This option relies on New Zealand’s existing law (including the GAAR) to counter hybrid mismatch arrangements and avoids the increased compliance costs and administrative costs of the other options. The status quo option also contemplates that other countries have introduced or will introduce their own hybrid mismatch rules, some of which will neutralise hybrid mismatch arrangements relating to New Zealand.

Option 1: Strict adoption of OECD recommendations

The OECD recommendations as set out in its BEPS Action 2 report are a comprehensive set of principle-based rules to counteract all types of hybrid mismatch arrangements. Option 1 is to strictly adopt those recommendations as described by the OECD into New Zealand domestic law. This option would deal with the range of hybrid mismatch arrangements targeted by the OECD to the extent they are found in or affect New Zealand. It would have the advantage of interacting well with other countries that similarly adopt the OECD recommendations into their domestic law.

Option 2: Tailored adoption of OECD recommendations

Option 2 is to adopt the core principles of the OECD recommendations with suitable modifications and variations to take into account what is appropriate for the New Zealand context. This option bears close relation to Option 1 as it involves introducing OECD-consistent hybrid rules unless there is a compelling reason to depart from the OECD approach. Thus, this option would solve the policy problem while ensuring that particular New Zealand issues are addressed.

Option 2 also recognises that there are some instances where New Zealand’s existing tax laws are sufficient (or can be made sufficient with relatively minor amendment) to achieve the effect intended by an OECD recommendation.

Option 3: Targeted hybrid rules

Option 3 is to introduce targeted hybrid rules that address only the significant hybrid mismatches that the Government is aware of. This option would solve the policy problem by addressing the current hybrid mismatch arrangements affecting New Zealand. It would avoid enacting rules targeted at arrangements which are not currently seen in New Zealand.

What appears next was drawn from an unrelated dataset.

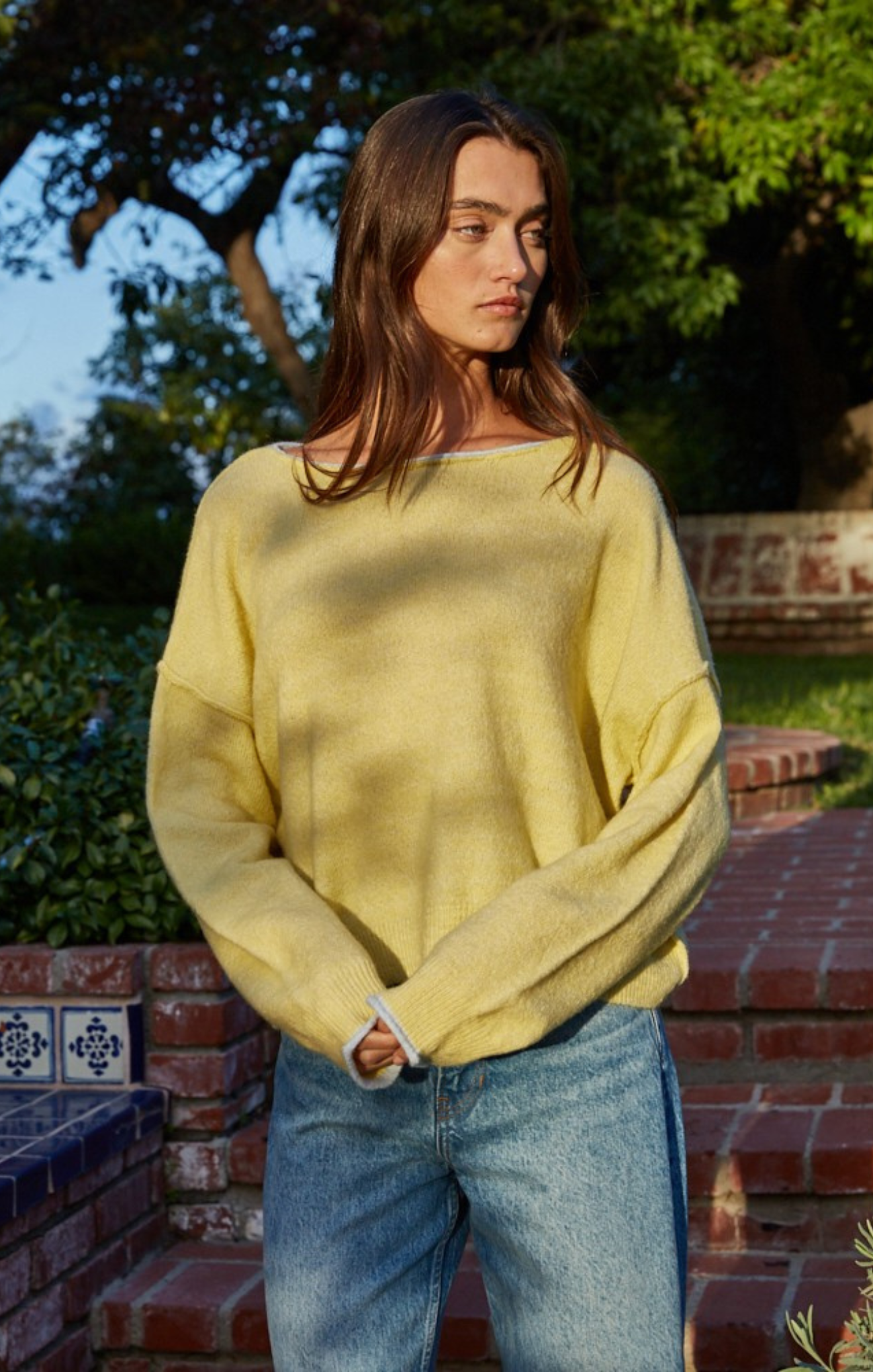 Person wearing a yellow sweater and blue jeans standing outdoors with greenery in the background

These four options were identified prior to consultation. The September 2016 discussion document proposed adoption of the OECD recommendations (options 1 and 2) and sought feedback on how that should be done. The document stated the Government’s alternative options as option 3 and maintaining the status quo and concluded that they were not the best way forward. Consultation has affected the nature of option 2 in particular and has been helpful for options analysis generally.

3.2 What criteria, in addition to monetary costs and benefits, have been used to assess the likely impacts of the options under consideration?

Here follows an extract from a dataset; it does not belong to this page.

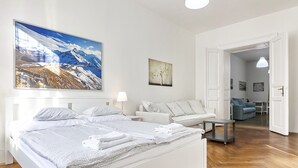 A modern hotel room with a large bed, a sofa, and a dining table. There is a painting of a mountain landscape on the wall and a door leading to another room. - Aparthotel Wenceslas (Prague)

The generic tax policy process (GTPP) includes a framework for assessing key policy elements and trade-offs of proposals. This framework is consistent with the Government’s vision for the tax and social policy system, and is captured by the following criteria:

  • Efficiency of compliance – compliance costs for taxpayers should be minimised as far as possible
  • Efficiency of administration – administrative costs for Inland Revenue should be minimised as far as possible
  • Neutrality – the tax system should bias economic decisions as little as possible
  • Fairness and equity – similar taxpayers in similar circumstances should be treated in a similar way
  • Sustainability – the potential for tax evasion and avoidance should be minimised while keeping counteracting measures proportionate to risks involved

In relation to this regulatory proposal, it would be difficult to achieve positive sustainability, neutrality and fairness impacts without some increase in compliance costs and so there are some trade-offs that were and continue to be considered. Through our consultation we have worked with stakeholders to minimise compliance costs as much as possible without sacrificing the benefits of the proposal.

3.3 What other options have been ruled out of scope, or not considered, and why?

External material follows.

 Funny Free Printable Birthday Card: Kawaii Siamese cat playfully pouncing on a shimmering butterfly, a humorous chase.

We ruled out designing a largely unique set of hybrid mismatch rules that departs from the principles that the OECD has advocated for. This is for reasons of international compatibility and to save compliance costs.


  Status quo: No action Option 1: Strict adoption Option 2: Tailored adoption Option 3: Targeted rules
Efficiency of compliance 0 - -
Option 1 has a significant compliance burden because some of the OECD recommendations as drafted would not mesh well with New Zealand’s existing tax laws.
Option 2 imposes increased compliance costs on taxpayers and advisors, but is focused on reducing those costs where possible.
Option 3 imposes increased compliance costs on taxpayers and advisors, but by its nature it reduces those costs in proposing rules that only address currently observed exploitation of hybrid mismatches.
Efficiency of administration 0 0
We expect the additional costs to Inland Revenue of administering a tax system with hybrid mismatch rules to be balanced by less resources used disputing hybrid mismatch arrangements using the GAAR.
We expect the additional costs to Inland Revenue of administering a tax system with hybrid mismatch rules to be balanced by less resources used disputing hybrid mismatch arrangements using the GAAR
We expect the additional costs to Inland Revenue of administering a tax system with hybrid mismatch rules to be balanced by less resources used disputing hybrid mismatch arrangements using the GAAR.
Neutrality 0 ++
Option 1 will comprehensively remove the benefit of hybrid mismatch opportunities involving New Zealand. This will provide significant efficiency gains.
Option 2 will comprehensively remove the benefit of hybrid mismatch opportunities involving New Zealand. This will provide significant efficiency gains.
Option 3 will remove the tax benefit of currently observed hybrid mismatch opportunities involving New Zealand. This will likely provide some efficiency gains. However, other hybrid mismatch arrangement opportunities will remain available. This means that, depending on the extent to which taxpayers respond to an option 3 approach by simply moving into “uncovered” tax-efficient hybrid structures, there will still be some inefficient allocations of investment due to ongoing hybrid mismatch arrangements.
Fairness and equity 0 +
Option 1 has fairness and equity benefits as it ensures that taxpayers able to use hybrid mismatch arrangements cannot reduce their tax liability.
Option 2 has fairness and equity benefits as it ensures that taxpayers able to use hybrid mismatch arrangements cannot reduce their tax liability.
Option 3 has fairness and equity benefits as it ensures that taxpayers able to use currently observed hybrid mismatch arrangements cannot reduce their tax liability. However, this option’s fairness impact depends on the behavioural effects of introducing these rules to a greater extent than options 1 and 2.
Sustainability 0 ++
Option 1 will remove current and future hybrid mismatch arrangement opportunities involving New Zealand.
Option 2 will remove current and future hybrid mismatch arrangement opportunities involving New Zealand.
Option 3 will remove currently known hybrid mismatch arrangement opportunities involving New Zealand. However, this option’s sustainability is limited. It will leave some hybrid mismatches unaddressed, which may be exploited at a later date by opportunistic taxpayers.
Overall assessment Not recommended Not recommended Recommended Not recommended

++ much better than doing nothing/the status quo
+ better than doing nothing/the status quo
0 about the same as doing nothing/the status quo
- worse than doing nothing/the status quo
- - much worse than doing nothing/the status quo


5.1 What option, or combination of options, is likely best to address the problem, meet the policy objectives and deliver the highest net benefits?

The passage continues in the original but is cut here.